"
For a long time she remained there, listening for any sound which
should disperse the silence. She thought of her husband, of the
sweet security of her home, of the things which she had forfeited
because of this mad quest of adventure. And presently a key
grated in a lock.
Lady Pat started to her feet with a wild, swift action which must
have reminded a beholder of a startled gazelle. The drapery
masking the door which she had first investigated was drawn
aside. A man entered and dropped the curtain behind him.

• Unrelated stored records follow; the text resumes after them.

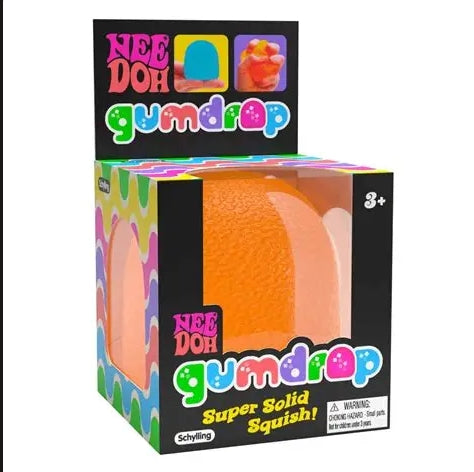Gumdrop Stress Relief Toy Sensory Fidget Textured Gum Drop Solid Squish Gel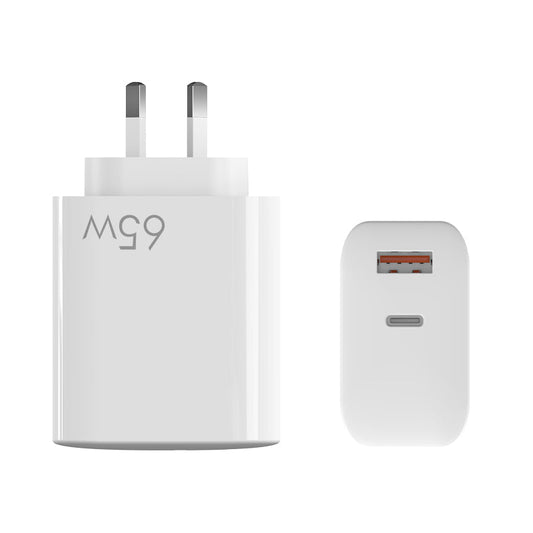 65W USB A and USB C Power Adapter - Fast Charging with GaN Technology and 3-Year Warranty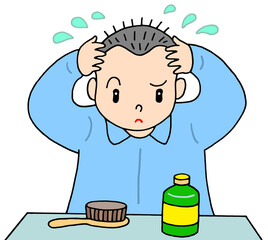 病気,疾患のイラスト - AGA・男性型脱毛症・若禿・薄毛・抜け毛
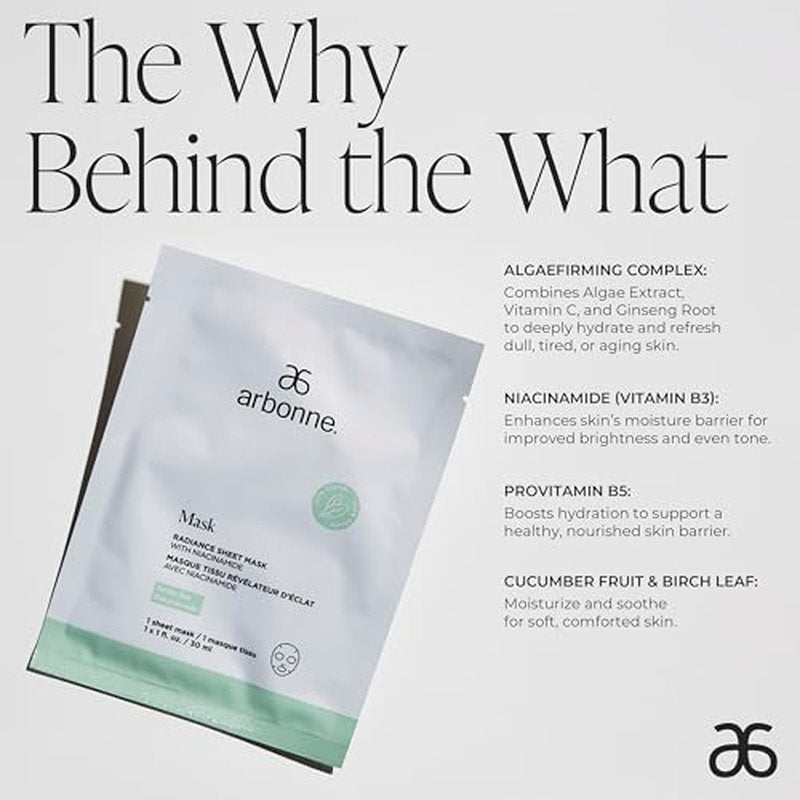 Arbonne Radiance Face Sheet Mask - Sheet Face Mask with Niacinamide for Dry and Dull Skin, Enhance Brightness, Tone, Smooth and Hydrate Skin - 10 Pack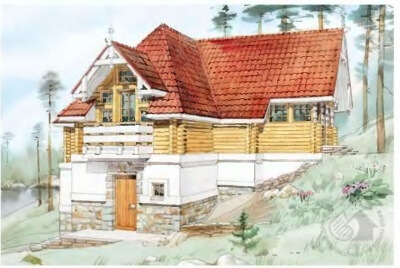 Проект дома для наклонного участка 104/170. Фасады, планировки(анонс).
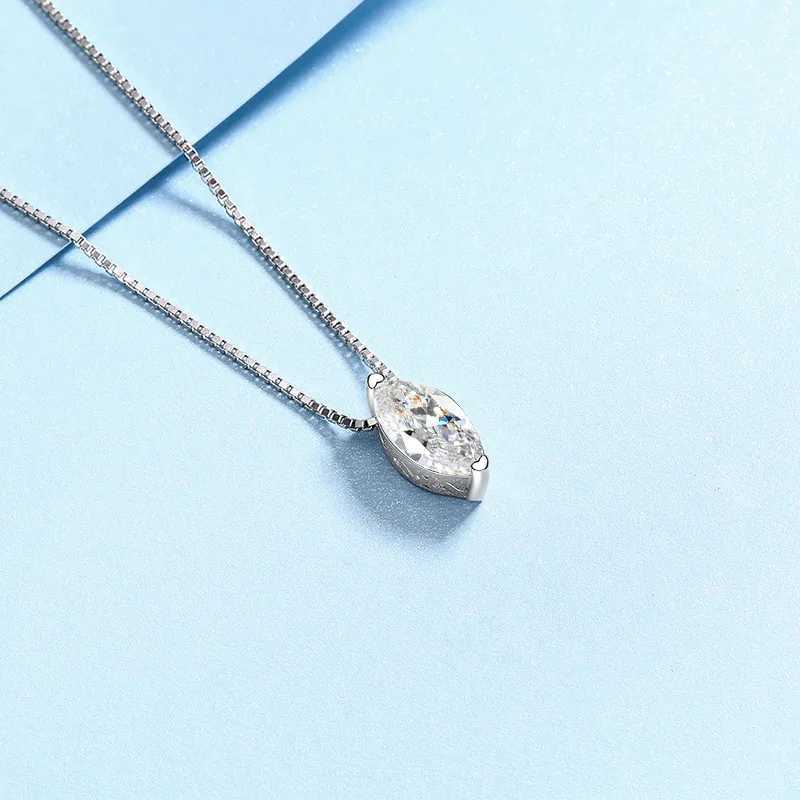 1CT Marquise Moissanite Pendant Neckalce 925 Sterling Silver Plated Gold Water Drop Diamond Necklaces with Gra for Women DailyXJ250114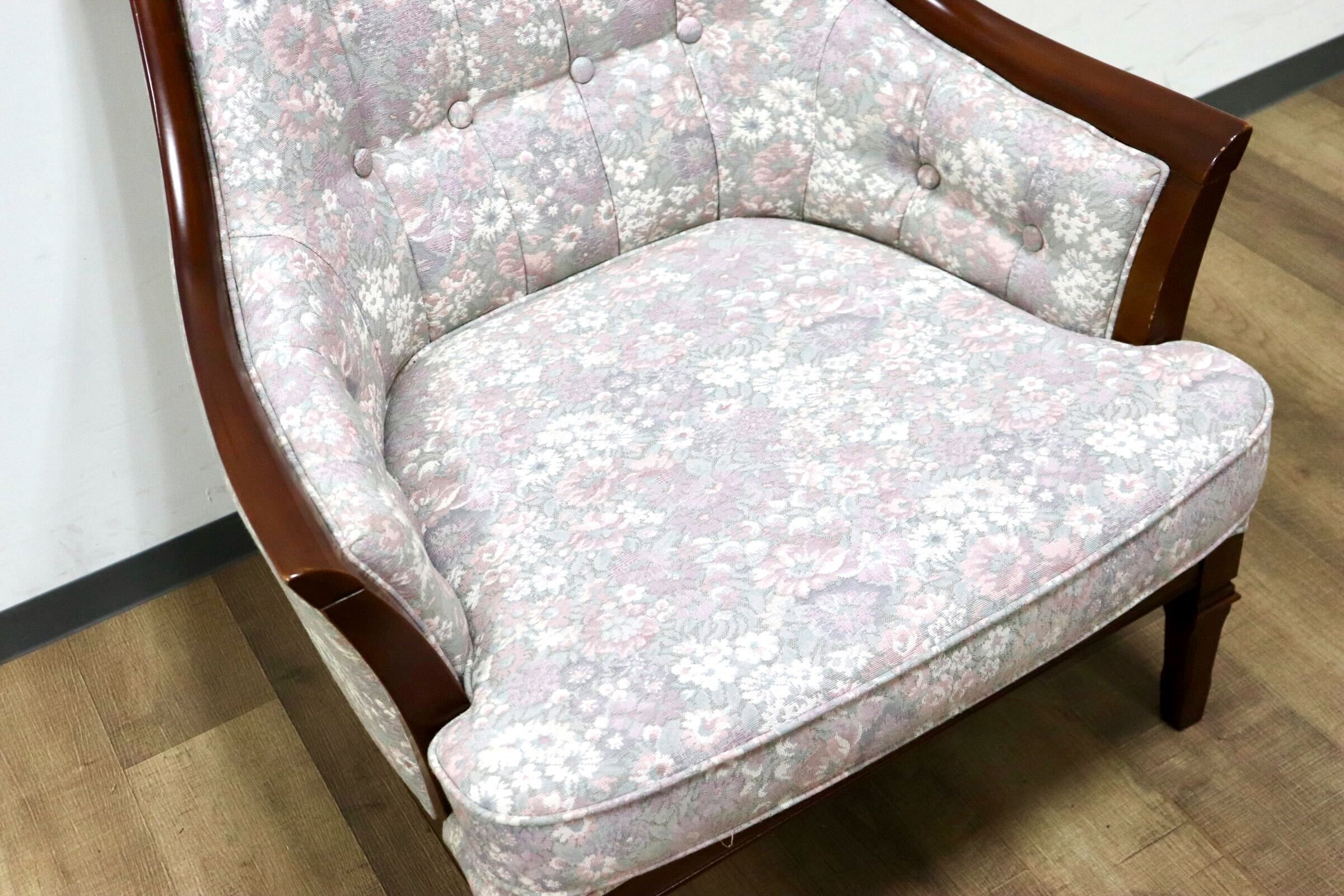 GMHS60C○maruni / マルニ 地中海 サランテ 1人掛けソファ シングルソファ アームソファ ファブリック 花柄 応接 エレガント 定価約18万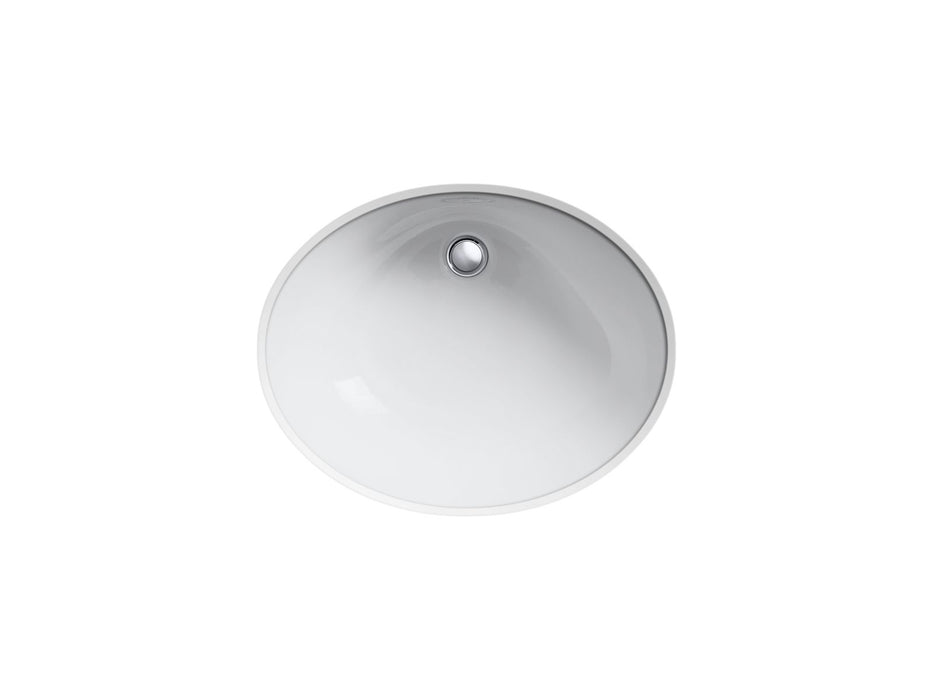 KOHLER K-2211-G Caxton 21-1/4" oval undermount bathroom sink with glazed underside, no overflow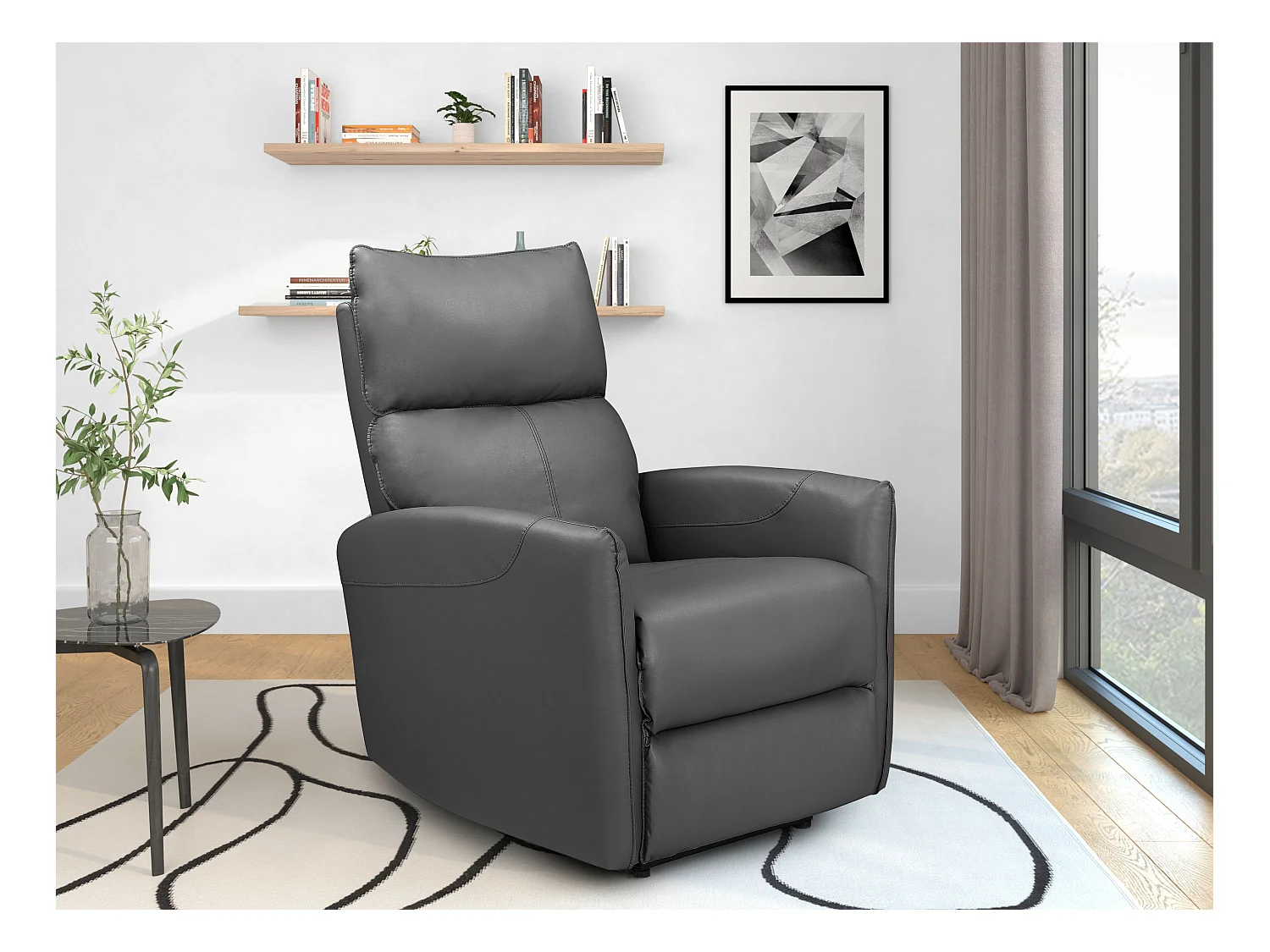 Pineto | Fauteuil de relaxation avec fonction électrique en PU anthracite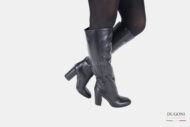 Stivale pelle nero a tubo con tacco</br> D1457 Scarpe donna
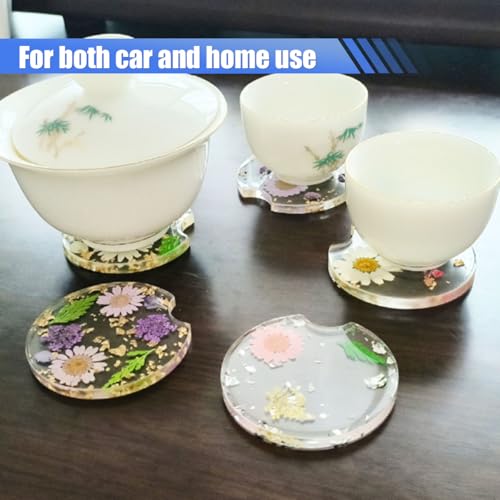 Portavasos para carro con diseño de flor rosa 2 piezas miniatura 5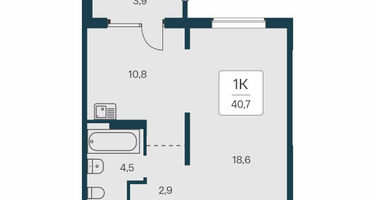 1-к. квартира, 40&nbsp;м²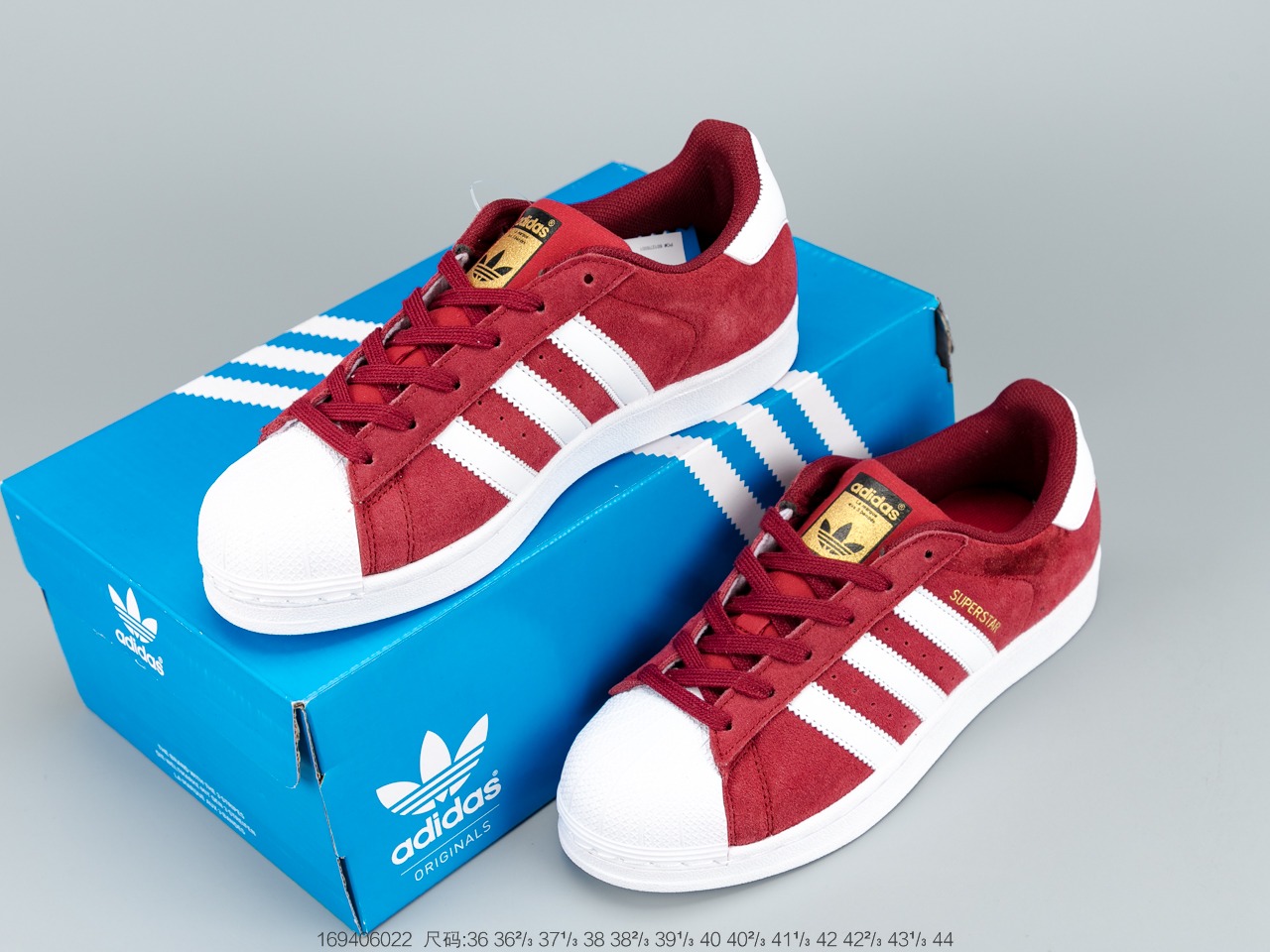 120 阿迪达斯 Adidas Superstar 80S “基督红”金标贝壳头三叶草贝壳头板男女鞋夏季金标运动休闲鞋  B25962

Exactly what she had expected she could not have defined, but the
presence of this perfect stranger was a complete surprise. The
man, who wore embroidered slippers and a sort of long blue robe,
stood there regarding her with an expression which, even in her
frantic condition, she found to be puzzling. He had long, untidy
gray hair brushed back from his low brow; eyes strangely like the
eyes of Lou Chada, except that they were more heavy-lidded; but
his skin was as yellow as a guinea, and his gaunt, cleanshaven
face was the face of an Oriental.
The slender hands, too, which he held clasped before him, were
yellow, and possessed a curiously arresting quality. Pat
imagined them clasped about her white throat, and her very soul
seemed to shrink from the man who stood there looking at her with
those long, magnetic, inscrutable eyes.